DATA FOR ANALYSIS START

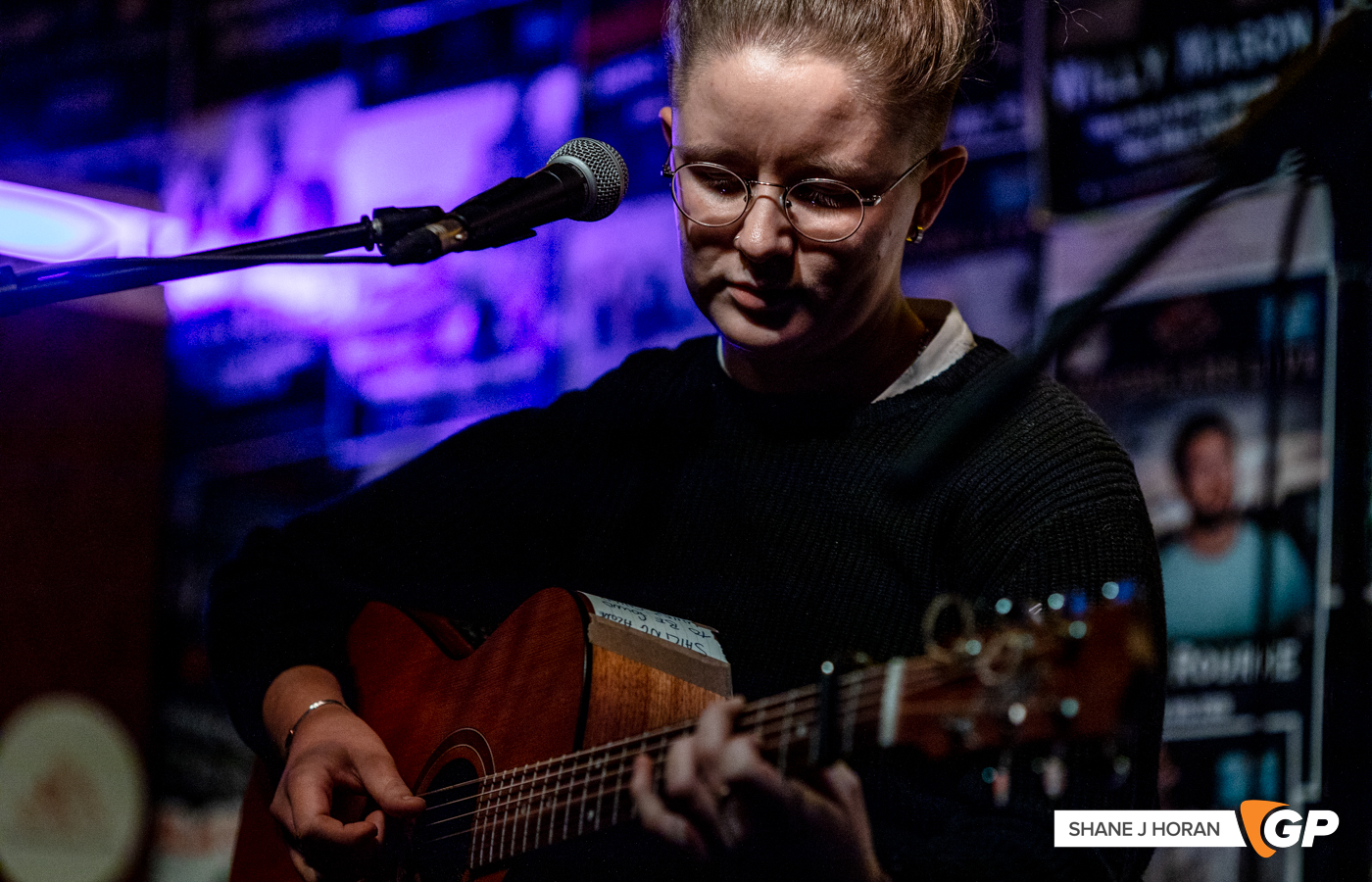 Clodagh Quirke, Cloughans, Cork, Shane J Horan, 14-09-22-1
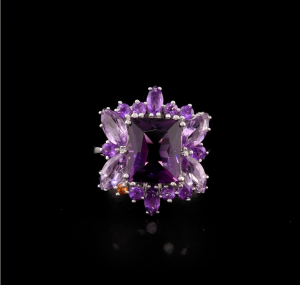 Singapore ring Almerni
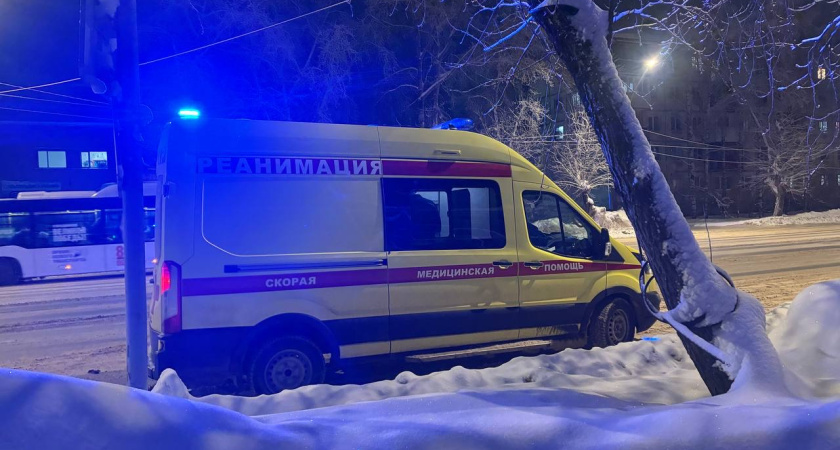 Жители Подмосковья погибли в страшной аварии на трассе "Балтия" в праздничный день 8 марта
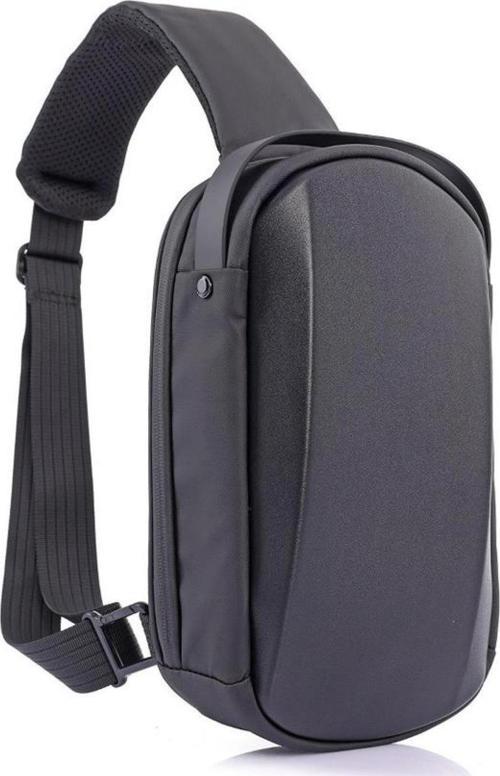 Ççs 51476 Crossbody Çapraz Askılı Sırt Çantası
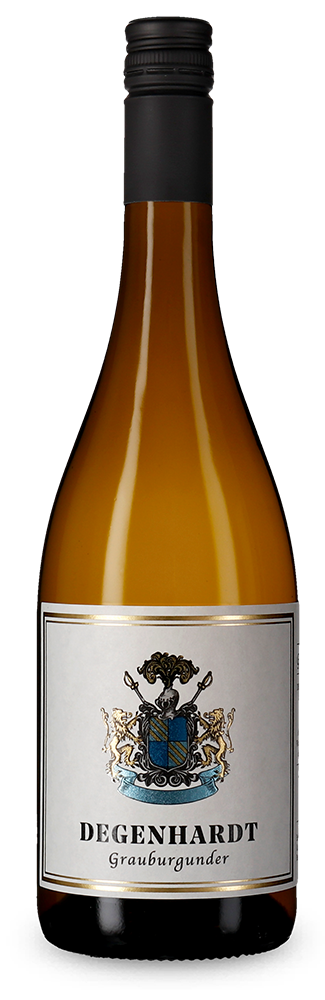 Degenhardt Pinot Gris 2026 – Gold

DATA FOR ANALYSIS END

Once the pictures are set aside, what is needed is the lines from the line with "Жители Подмосковья погибли" through the end of the data, written out exactly and alone.

 Жители Подмосковья погибли в страшной аварии на трассе "Балтия" в праздничный день 8 марта
 Ççs 51476 Crossbody Çapraz Askılı Sırt Çantası
 Degenhardt Pinot Gris 2026 – Gold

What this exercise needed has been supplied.